If I took the bus like I usually do, I would not have the energy to even pick up a bucket. Fate, timing, or whatever a person calls it, intervened in the form of a friend getting me home at 4:30. I ate some supper, opened the windows, and decided enough was enough. I left for work with the morning chill, but I came home to something making sweaters optionally. I filled a bucket with hot water, a dash of Mr. Clean, and my comfy sweats to begin wiping away the winter.
Dirt and grime wiped away as I applied the sponge to the furniture. I didn’t want to sit in front of the tv, at least not until Agents of S.H.I.E.L.D. The people in the condo complex across me, started to clean their barbecue. The guy did it mainly, without his shirt, another sure-fire signal spring has arrived.
I bought the bistro set last year. I spent most of my time on it last summer. I had V over for Olive Garden take out and conversation. I followed the panel for Age of Ultron at San Diego Comic Con, while Thor seemed poised to remind Winnipeg he’s not Chris Hemsworth. (It was that grey and threatening that day.) I also had the ritual of taking out my tablet to read tweets and Tumblr posts about The Crucible. I figured if I can’t be there, I can follow people fortunate to attend.
Most of the time I wrote in my journal. I kept scribbling, and I wanted to wipe away the dirt to clean away my dirt in the perception filter. It looked murky, and murky perceptions do not help people create. I cleaned the winter away to bring in the summer of my creation. Of course, it needs fine tuning. I can see my window ledge needing a scrub down, and I need to vacuum the carpet. It’s good enough for now.
Next task, put out my solar lights. I missed out on winter lights, but I have these cute patio lanterns. I feel quite proud of that purchase with its bright colours finally breaking the grip of winter grey. It sounds like a useless laundry list to read of someone’s balcony. In the summer months, I move the writing outdoors. The place turns into an outdoor studio either with my journals, or my laptop. I pour a coke and off I go. I let the fresh air into my place, while I try to open the windows in my soul. Sometimes it feels grey and murky. Sometimes perfectionism freezes the windows shut, and I have to pry them open.

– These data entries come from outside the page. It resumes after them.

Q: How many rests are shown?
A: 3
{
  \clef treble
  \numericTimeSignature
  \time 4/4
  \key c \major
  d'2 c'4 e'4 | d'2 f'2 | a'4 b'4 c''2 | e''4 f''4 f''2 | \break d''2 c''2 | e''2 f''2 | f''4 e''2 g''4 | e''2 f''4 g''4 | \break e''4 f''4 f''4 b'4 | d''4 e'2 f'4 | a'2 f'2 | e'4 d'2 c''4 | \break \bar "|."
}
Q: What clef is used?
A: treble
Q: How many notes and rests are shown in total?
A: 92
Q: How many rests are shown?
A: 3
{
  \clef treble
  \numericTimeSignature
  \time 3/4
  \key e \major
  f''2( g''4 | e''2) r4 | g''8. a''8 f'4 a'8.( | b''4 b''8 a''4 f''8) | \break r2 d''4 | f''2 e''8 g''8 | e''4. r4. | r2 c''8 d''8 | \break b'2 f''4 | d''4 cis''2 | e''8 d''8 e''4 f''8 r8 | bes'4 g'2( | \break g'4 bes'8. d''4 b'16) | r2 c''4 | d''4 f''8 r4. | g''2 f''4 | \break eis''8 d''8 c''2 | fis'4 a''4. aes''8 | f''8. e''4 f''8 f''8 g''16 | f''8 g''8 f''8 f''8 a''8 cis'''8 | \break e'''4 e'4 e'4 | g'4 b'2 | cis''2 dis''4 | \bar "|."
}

I always hear ‘shoulds’ or listen to an illogical list of demands. I realize those demands, while made with love, do not work for me. The hardest part for the person imparting her wisdom is it’s not mine. Nothing personal. I always hear that phrase at work, but try saying that to someone you love, someone not used to hearing the phrase as everything seems personal. If you’re Portuguese and female, boundaries are not things taught in my culture. I look stubborn to some, but I feel happier. It took a lot of work, and a lot of fights, to get me to this point.
I smiled watching the dirt come off, anticipating the hot summers filled with reading and writing. It’s more than a seasonal ritual. I feel the urgency to clean and take a seat on a day like today. The vacuuming can wait, but the blue sky in my present wants its audience now.